§ **SOURCE MATERIAL**

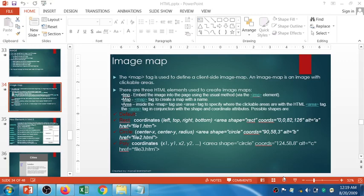Welcome to the new episode of HTML Practical. In this session I'm going to discuss image mapping. In the previous session I discussed how to add an image to your webpage, and today I'm going to discuss how to map that image in your webpage. For image mapping you have to use the map tag.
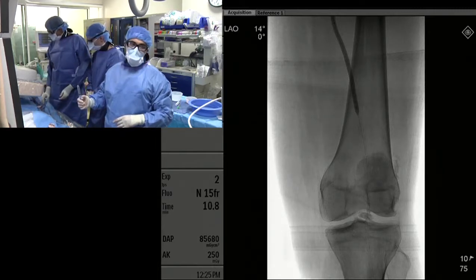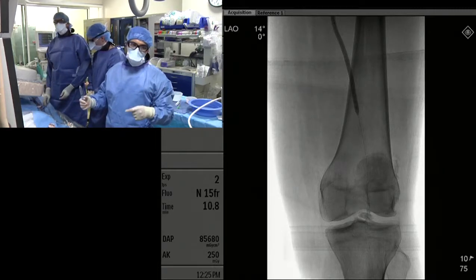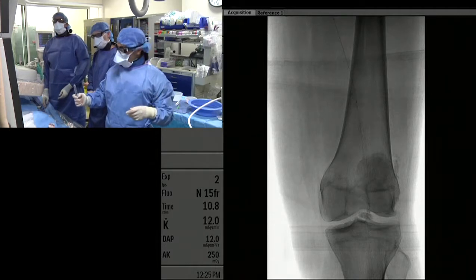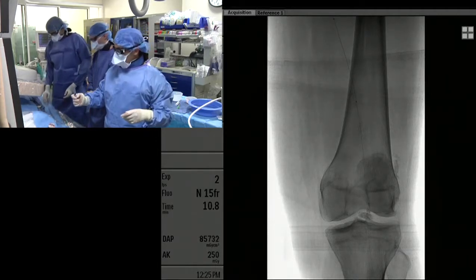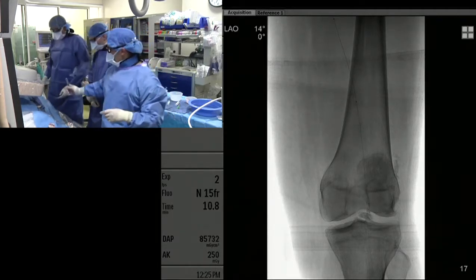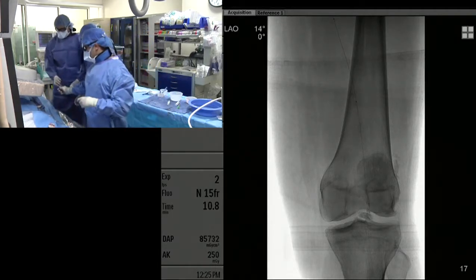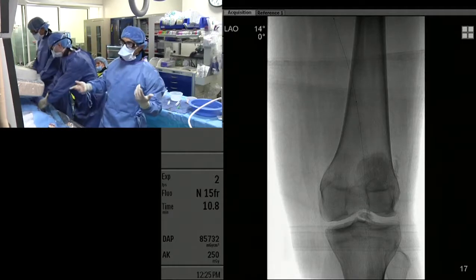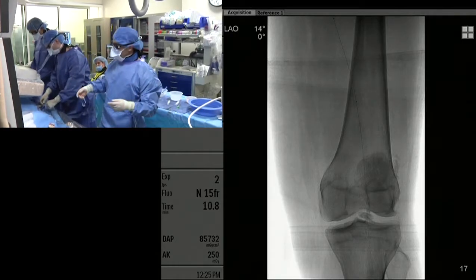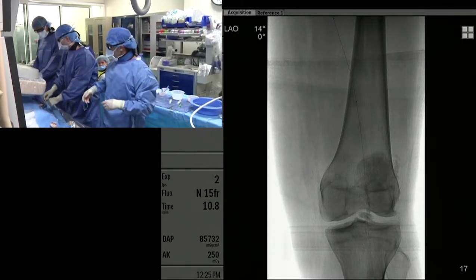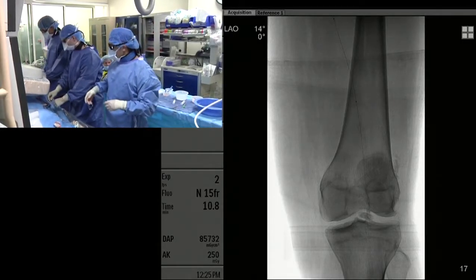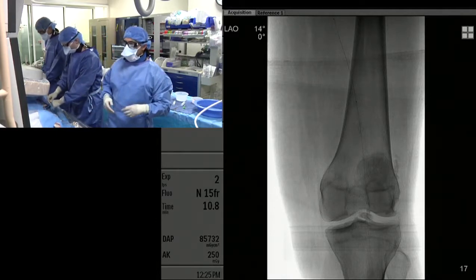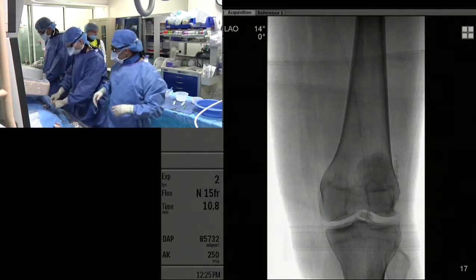So in this specific patient, the Everflex with the Entrust system would work for bailout stenting. We can use that stent specifically in this patient. If she were taller, we might not be able to.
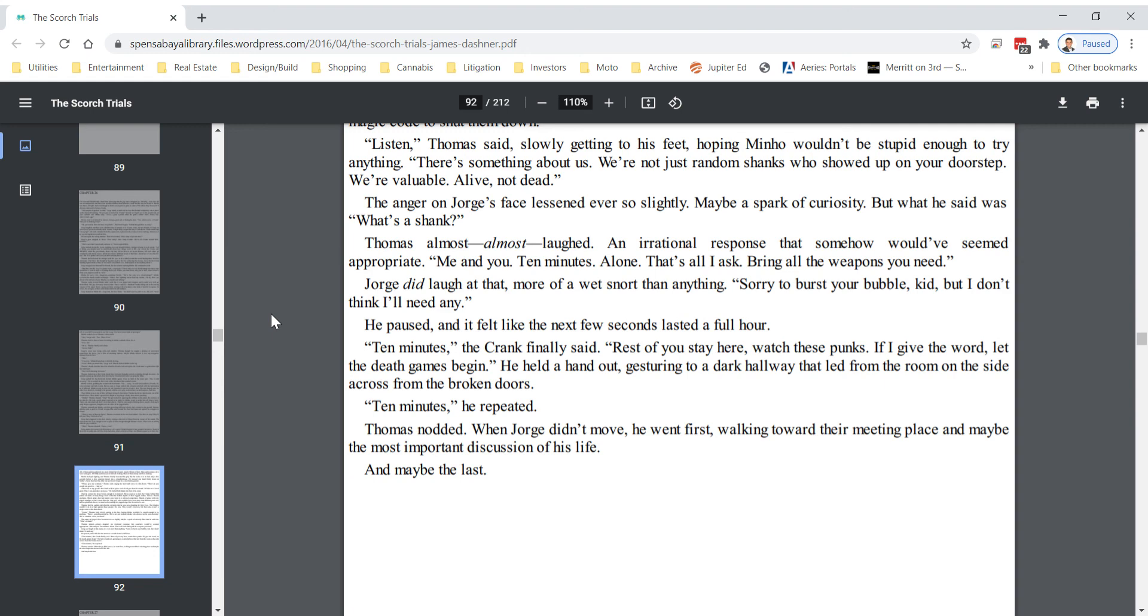Thomas nodded. When George didn't move, he went first, walking toward their meeting place and maybe the most important discussion of his life. And maybe the last.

§ **PROBLEM STATEMENT**
Once the pictures are set aside, what is needed is the lines from the line with "So in this specific" through the end of the data, written out exactly and alone.

§ **SOLVED PROBLEM**
So in this specific patient, the Everflex with the Entrust system would work for bailout stenting. We can use that stent specifically in this patient. If she were taller, we might not be able to.
Thomas nodded. When George didn't move, he went first, walking toward their meeting place and maybe the most important discussion of his life. And maybe the last.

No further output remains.